(Data extract begins)

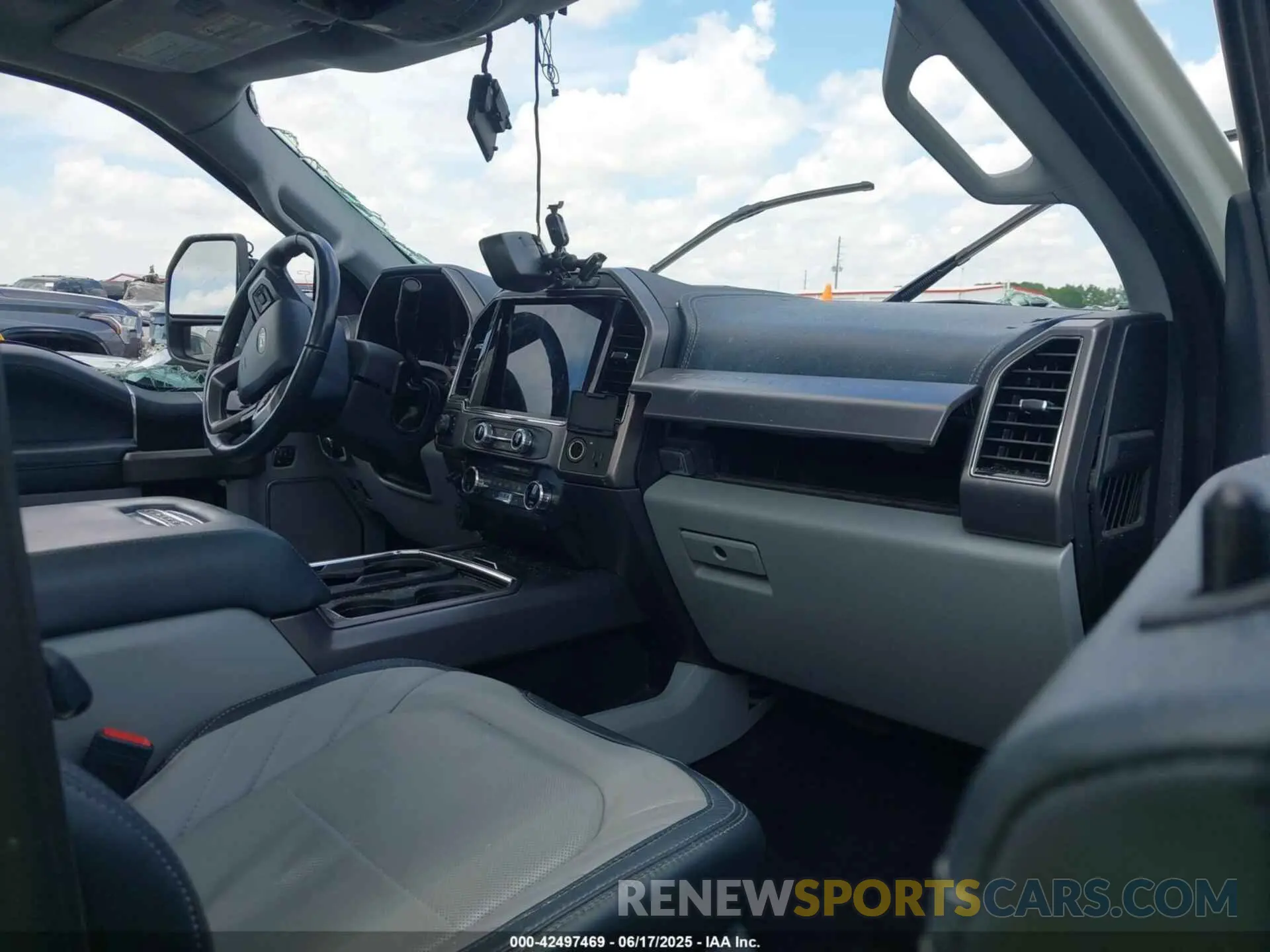 5 fotografías del automóvil dañado 1FT8W3BTXNEC05278 FORD F-350 2022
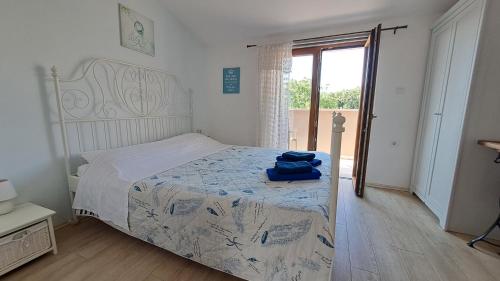 ein Schlafzimmer mit einem Bett mit einer blauen Tasche darauf in der Unterkunft Apartment Lucia in Marčana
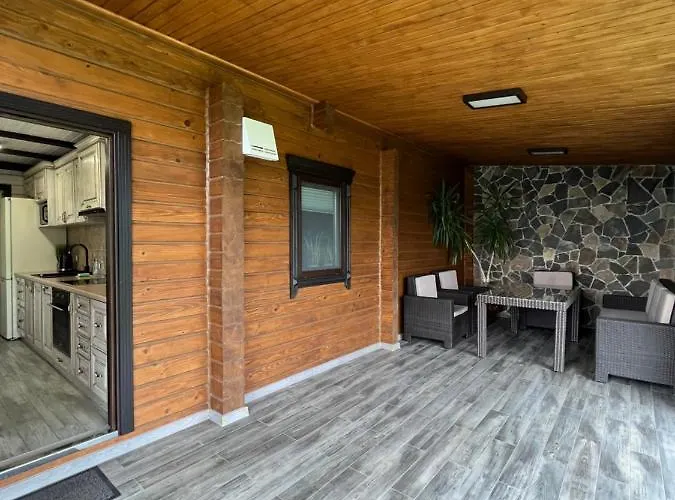 Villa Family House Truskavets Modrychi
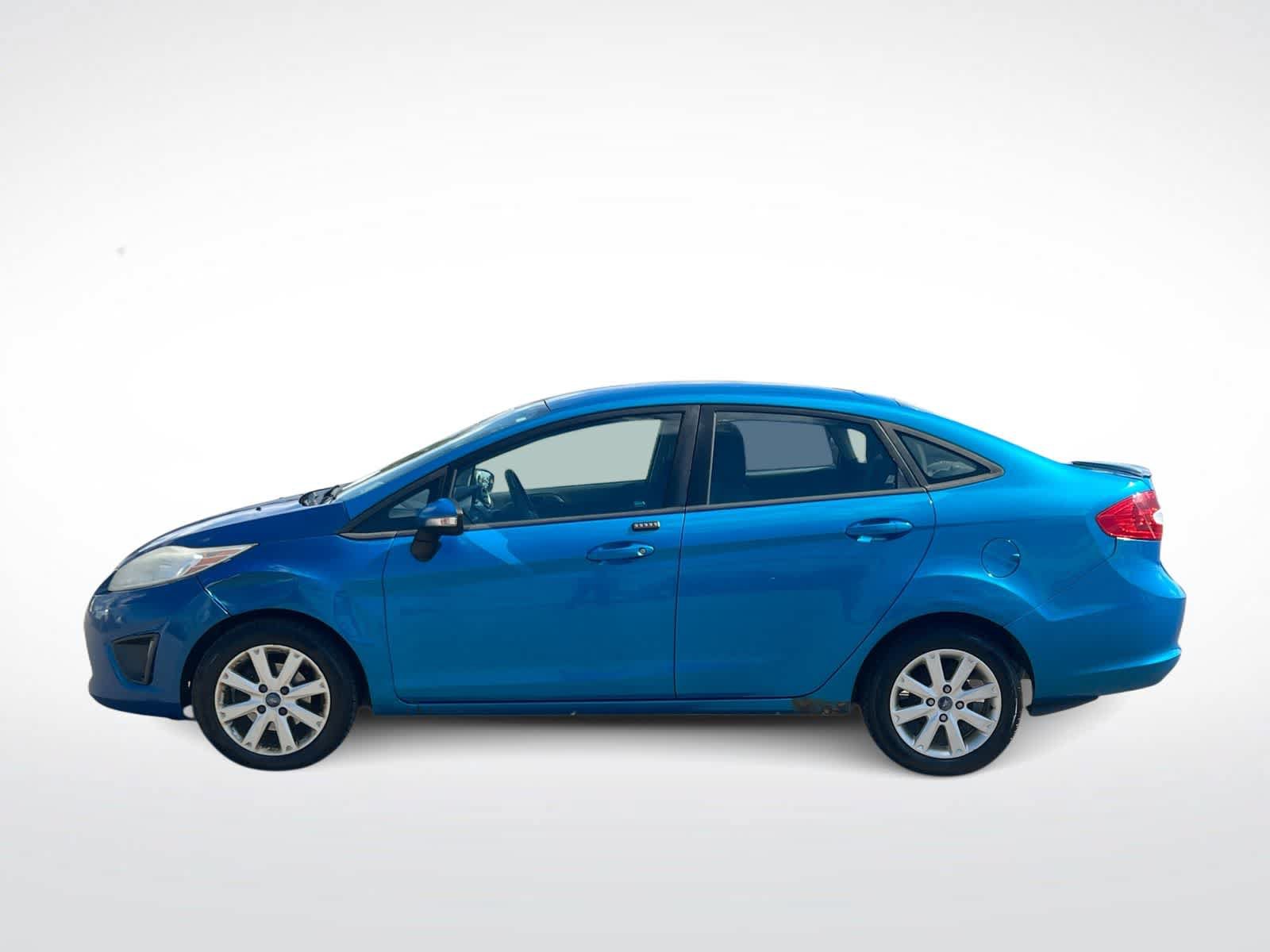 Used 2013 Ford Fiesta SE FWD image 5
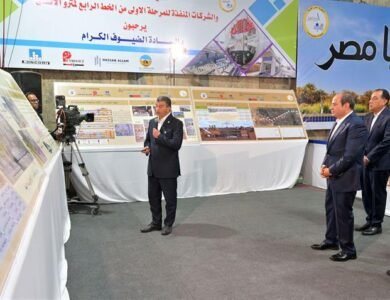 الرئيس السيسي يتفقد مشروع محطة الأهرامات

(Data extract ends)

### Task brief
Output all the material verbatim, skipping every image.

### Answer space
 5 fotografías del automóvil dañado 1FT8W3BTXNEC05278 FORD F-350 2022
 ein Schlafzimmer mit einem Bett mit einer blauen Tasche darauf in der Unterkunft Apartment Lucia in Marčana
 Villa Family House Truskavets Modrychi
 Used 2013 Ford Fiesta SE FWD image 5
 الرئيس السيسي يتفقد مشروع محطة الأهرامات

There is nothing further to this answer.